An $8 gallon of milk? That's what you could be seeing at the supermarket, if Congress doesn't pass a new farm bill soon.
Why the possible jump off the so-called "dairy cliff" and potential price hike? The farm bill from 2008 — which overrode legislation from back in 1949 — is set to expire at the end of the year, CNBC reported.
Without a farm bill, the law would revert to the 64-year-old permanent one, which would require the government to buy dairy products at about twice the market rate.

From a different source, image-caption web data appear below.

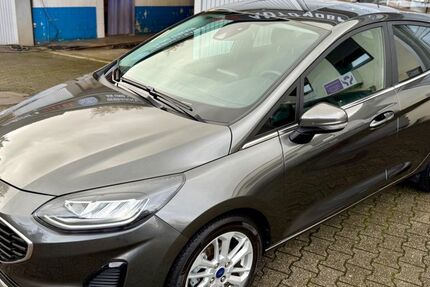 Ford Fiesta 14.087 km 16.950 &euro; Ratingen (Nähe Düsseldorf) 40883
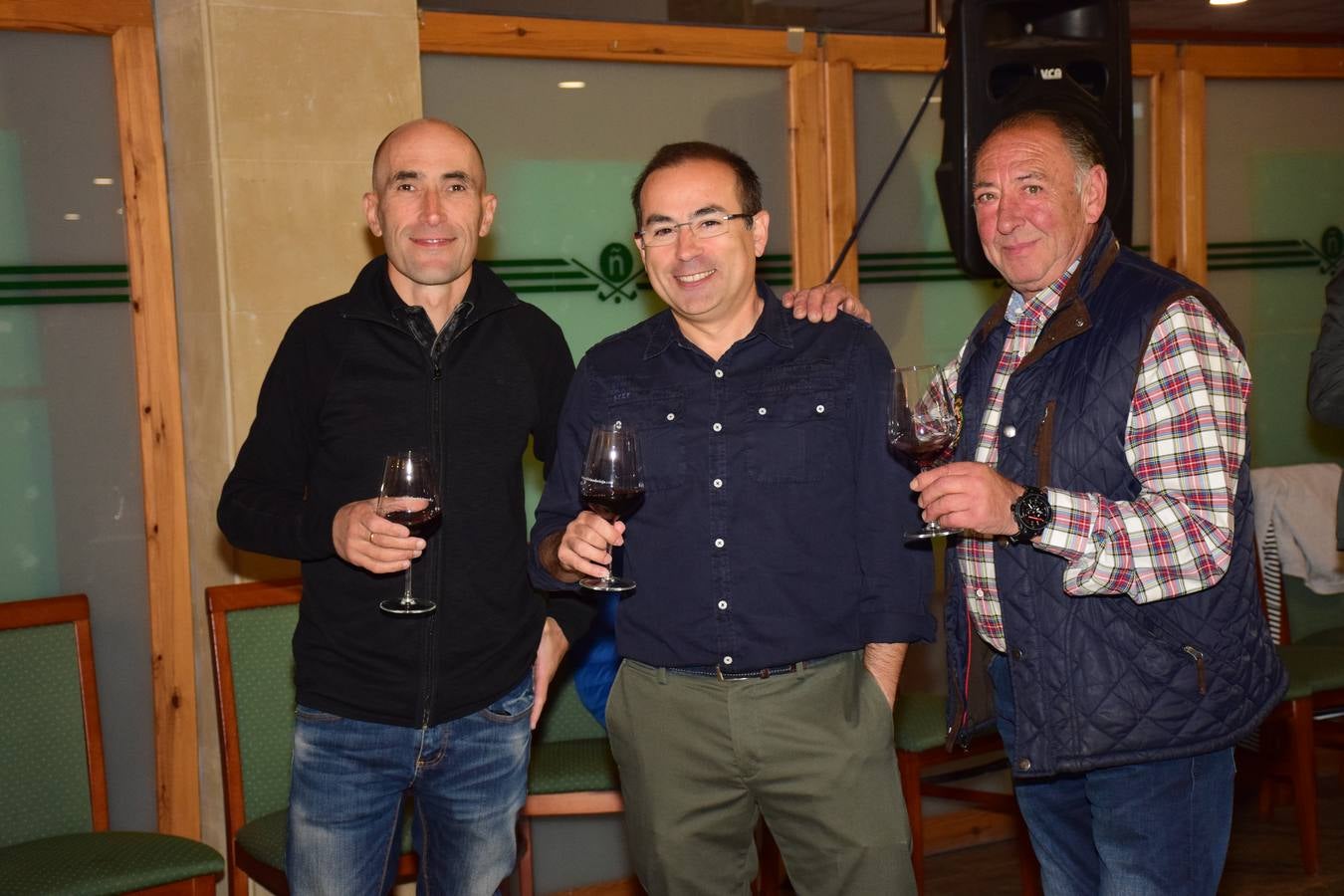 Los asistentes disfrutaron después de la jornada de juego de una cata de dos vinos de Bodegas LAN.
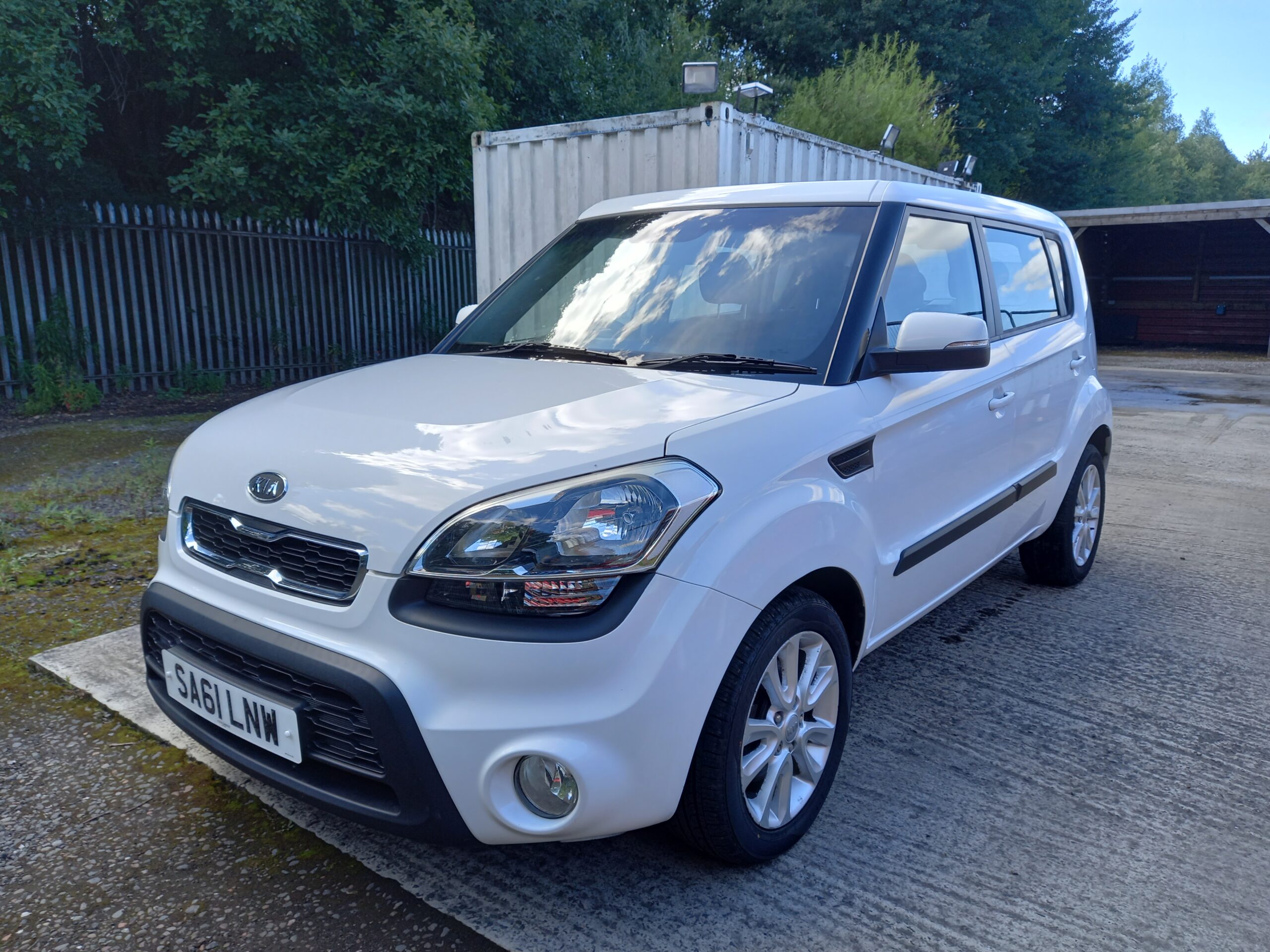 KIA SOUL 1.6 CRDi 2 5dr Automatic 2011 92,000 miles Full Service History 3 Months Warranty - Image 10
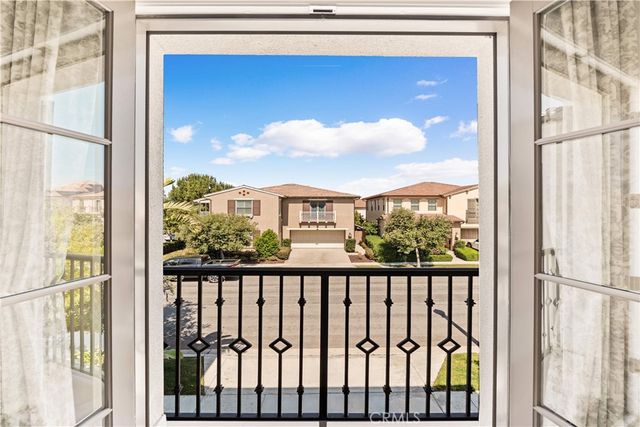 100 Pumpkin, Irvine, CA 92620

That old law was enacted when the dairy industry was far less efficient and far smaller than it is today, NPR explained.
U.S. Secretary of Agriculture Tom Vilsack told NPR that due to the increased price the government would have to pay, dairy producers would be forced to sell to the government in large quantities — causing shortages in stores and ultimately major price hikes.
That would hit Americans' wallets hard.
"In most cases, it's the reason why we've had fairly routine extensions of the farm bill for the past 50 years," he told NPR.

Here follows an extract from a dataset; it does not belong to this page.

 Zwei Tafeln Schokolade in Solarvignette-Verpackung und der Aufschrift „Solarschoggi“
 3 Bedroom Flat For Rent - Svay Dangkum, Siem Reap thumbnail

The deadline to extend the 2008 farm bill comes at the end of the year, and according to Chris Galen, senior vice president of communications for the National Milk Producers Federation, "gridlock on Capitol Hill" is why a vote for a new bill is being pushed to the last minute.
"It's very similar to the showdown and shutdown we had in October," he told CNBC.
CNBC reported that if Congress fails to pass a new farm bill, there could be a 9 percent drop in domestic dairy demand, and the dairy export industry could essentially disappear.